Georgian president Mikheil Saakashvili blamed for starting Russian war

• EU investigation says Tbilisi launched indiscriminate assault on South Ossetia • Inquiry accuses both sides in five-day conflict of breaking laws of war

An investigation into last year's Russia-Georgia war delivered a damning indictment of President Mikheil Saakashvili today, accusing Tbilisi of launching an indiscriminate artillery barrage on the city of Tskhinvali that started the war.

In more than 1,000 pages of analysis, documentation and witness statements, the most exhaustive inquiry into the five-day conflict dismissed Georgian claims that the artillery attack was in response to a Russian invasion, accused both sides of violations of the laws of war, indicated that war crimes had been perpetrated against Georgian civilians and rejected Russian claims of "genocide" in the breakaway Georgian province of South Ossetia.

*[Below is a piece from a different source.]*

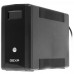 ИБП DEXP CEE-E Pro 1200VA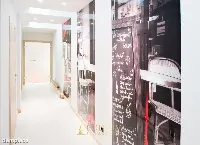 Lokal użytkowy — Wrocław, Wrocław-Stare Miasto — zdjęcie 8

The EU-commissioned report, by a fact-finding mission of more than 20 political, military, human rights and international law experts led by the Swiss diplomat, Heidi Tagliavini, was unveiled in Brussels today after nine months of work.

"There is no way to assign overall responsibility for the conflict to one side alone," the report found.

But the conclusions will discomfit the western-backed Georgian leader, Saakashvili, who was found to have started the war with the attack on Tskhinvali, the South Ossetian capital, on the night of 7 August last year, through a "penchant for acting in the heat of the moment".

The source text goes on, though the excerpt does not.